A majority of the planes were safely landed within 45 minutes of the ATC Zero command. Within 2 hours and 25 minutes the skies had been completely emptied and all planes landed. How? Thanks to the calm sense of urgency demonstrated by Ben Sliney and his team of air traffic controllers across the country.
As my team and I discussed the events of 9-11 we discussed this amazing feat of teamwork and coordination. What makes it all the more remarkable is that this was not something the FAA ever drilled, practiced or prepared for, it simply happened as a result of courage, extreme teamwork and a calm sense of urgency. If anyone in the FAA command center or any of the controllers in the towers would have panicked, that sense of panic would’ve been contagious and the mission would’ve failed. Instead, calm was contagious. Calm is contagious in your work environment too.
What many don’t realize was that September 11, 2001 was actually Ben Sliney’s first day on the job. He came out of retirement to take the position, fortunately. Sliney had 25 years of experience in air-traffic control and as a result didn’t ask for permission, schedule a meeting or go through layers of bureaucracy discussing the situation. He just made the call himself with a calm sense of urgency.
If you watch a game where a team mounts a fourth quarter comeback or you witness some late game heroics. The success of the drive, the play or what appears like heroics can usually be attributed to the team possessing a calm sense of urgency. Yes, what they’re doing is time sensitive. Yes, what they are doing is pressure packed. And no amount of rushing, trying too hard or pressing is going to help matters but calm urgency will. When you’re in the heat of battle often everything appears urgent and when everything is urgent, nothing is. Don’t mistake speed for purpose. When you’re poised and prepared, time slows down.
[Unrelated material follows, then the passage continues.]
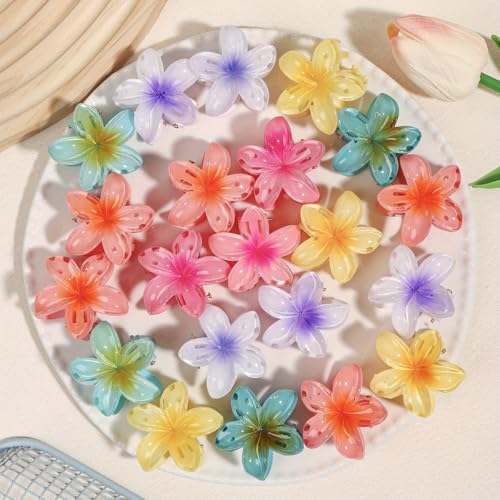 Image of Cerrito 3 Pcs Big Flower Hair Claw Clips Set, Gradient Lily Design, Strong Hold Hair, Stylish Accessories for Women & Girls, Cute Hair Grips, Perfect for Daily Use, Travel, Party, Gifting, Multicolor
How do you teach your team to have a calm sense of urgency? For starters, Share This article with them and have them discuss the story of Ben Sliney on 9-11. It will show them a calm sense of urgency works. If our country can safely land over 4,500 commercial jets inside of 3 hours on the most horrific morning in American history, anything is possible for you and your team.
Make A Calm Sense of Urgency A Cultural Expectation In Your Team
- Huddle up with your team. Define what a calm sense of urgency means.Ask them to describe important situations and what that sense should look like in those situations. How should they respond? (Individually and collectively.)
- Calm is contagious. You want your team to possess a calm sense of urgency, you need to embody it. You can’t give away something you don’t possess.
- Set the expectation that you will all operate with it by manufacturing some urgency. Shorten timelines and accelerate deadlines. Don’t shorten too much. Shorten progressively, too much too fast and quality will suffer.
- Simplify. Have you made things unnecessarily complicated? Focus on one thing not five or six things.
- Preparation: Practice, rehearse, drill… repeat. Don’t practice until you get it right, practice until you can’t get it wrong.
When have you experienced a calm sense of urgency?